The fact must even be faced that he had probably never been in love with her, according to the common acceptation of the term. His intellect exhausted his emotions and killed them with solicitude, as a child digs up a flower to see if it is growing, and his emotions themselves had a feminine refinement, but lacked the feminine quality of unreasoning pertinacity. From self-pity for the loss of an ideal to gratitude for an escape is not far to go, and all that now remained to him of bitterness was a gentle self-contempt for his own inadequacy in falling in love, as in everything else.

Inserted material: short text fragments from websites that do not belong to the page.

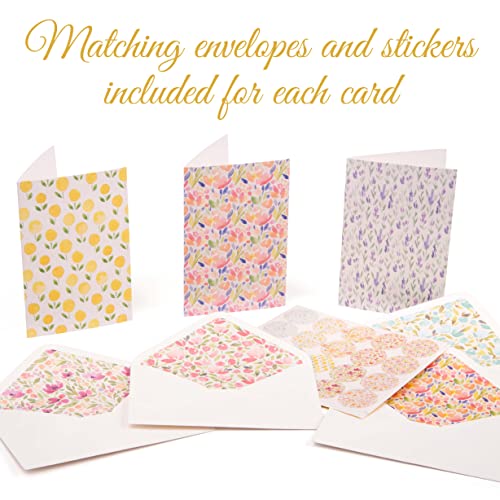 100 Plain Floral Blank Cards, 4 X 6 In Assorted Artistic Watercolor All Occasion Greeting Cards, Bulk Boxed Set Of Pretty Flower Stationary Notecards W/ Envelopes & Stickers #TOP2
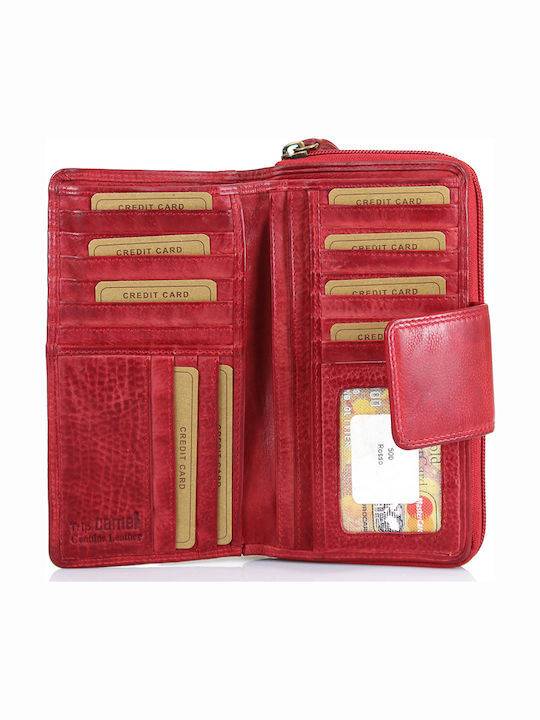 Trip Camel Πορτοφόλι Γνήσιο Vintage Μαλακό Δέρμα 500 Red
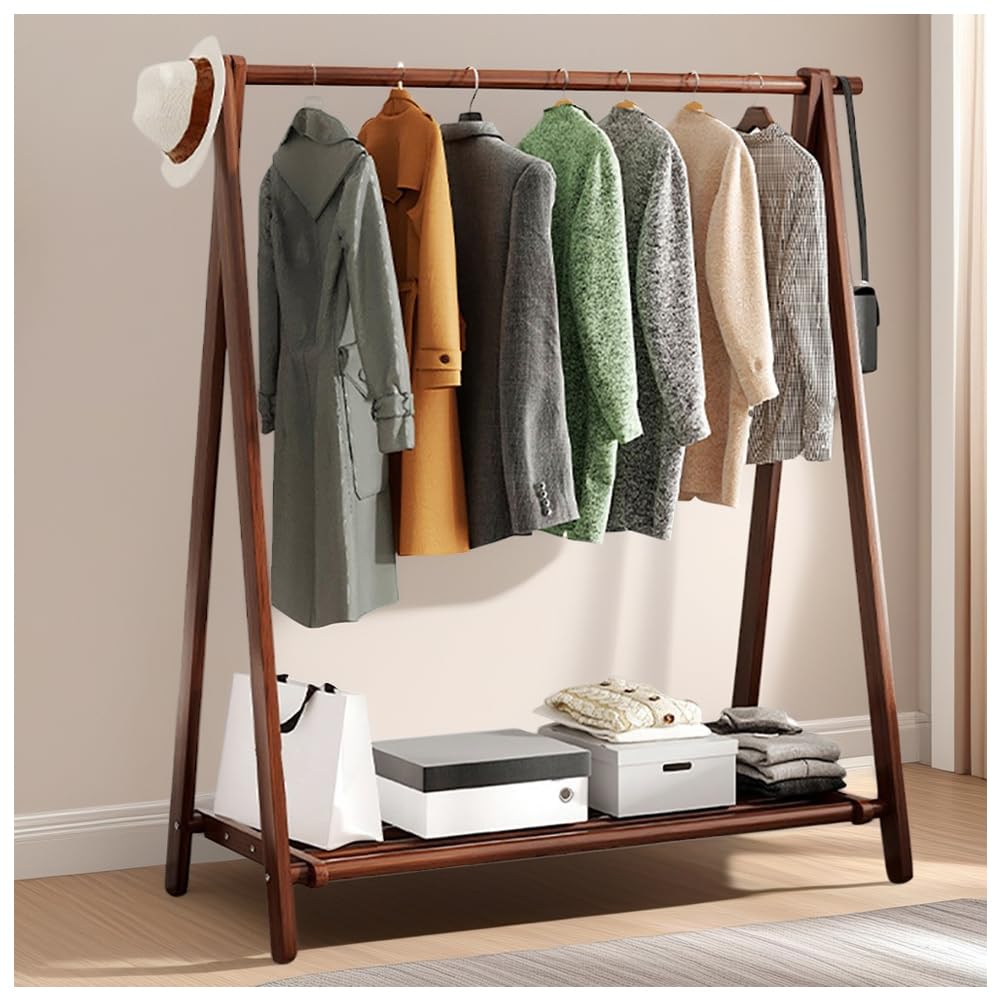 Appendiabiti in legno, autoportante, appendiabiti pieghevole, robusto e stabile, carico massimo 80 kg, per casa, ufficio, corridoio: 60/80/100/120 cm x 46 cm x 150 cm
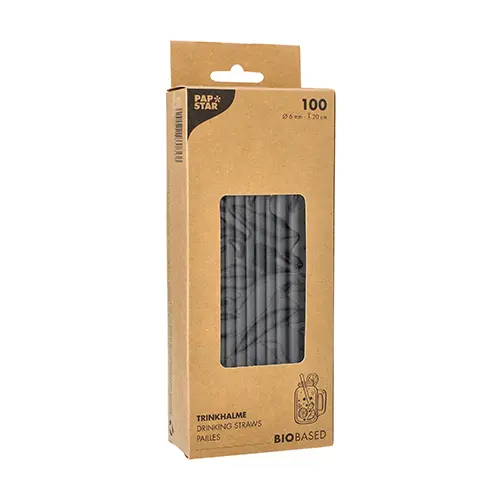 PAPSTAR Trinkhalme, Papier Ø 6 mm, 20 cm schwarz in Kartonverpackung, FSC-zertifiziert und biobasiert, 100 Stück, Artikel 89086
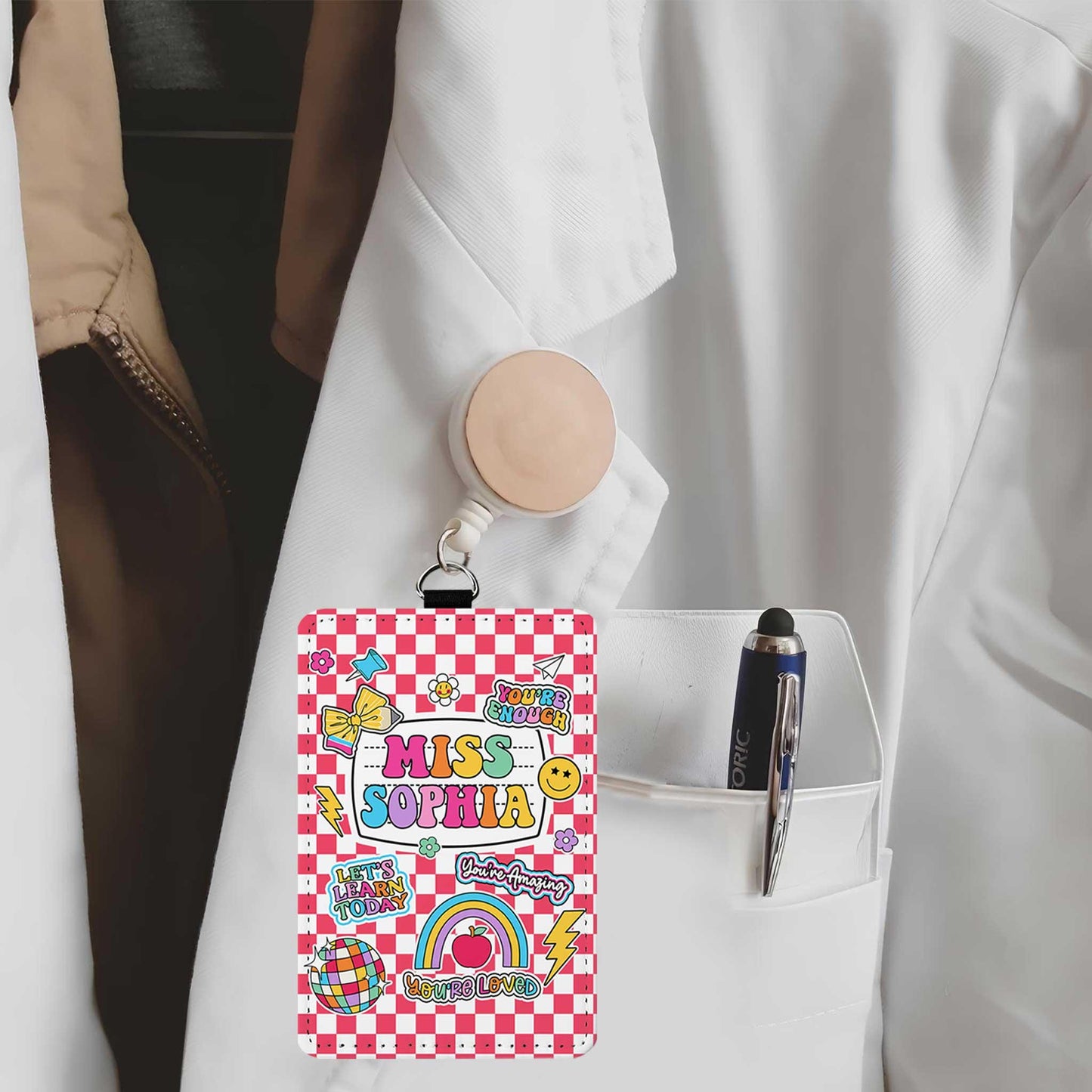 Teacher ID Badge Holder, Teacher Appreciation Gift, Custom ID Holder School Supply Theme, Teacher Lanyard With Name, Back To School Gift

It may be imagined that in Lismoyle Francie was a valued and almost invariable topic of conversation. Each visitor to Rosemount went there in the character of a scout, and a detailed account of her interview was published on every possible occasion.

“Well, I took my time about calling on her,” observed Mrs. Baker; “I thought I’d let her see I was in no hurry.”

Mrs. Corkran, with whom Mrs. Baker was having tea, felt guiltily conscious of having called on Mrs. Lambert two days after her arrival, and hastened to remind the company of the pastoral nature of the attention.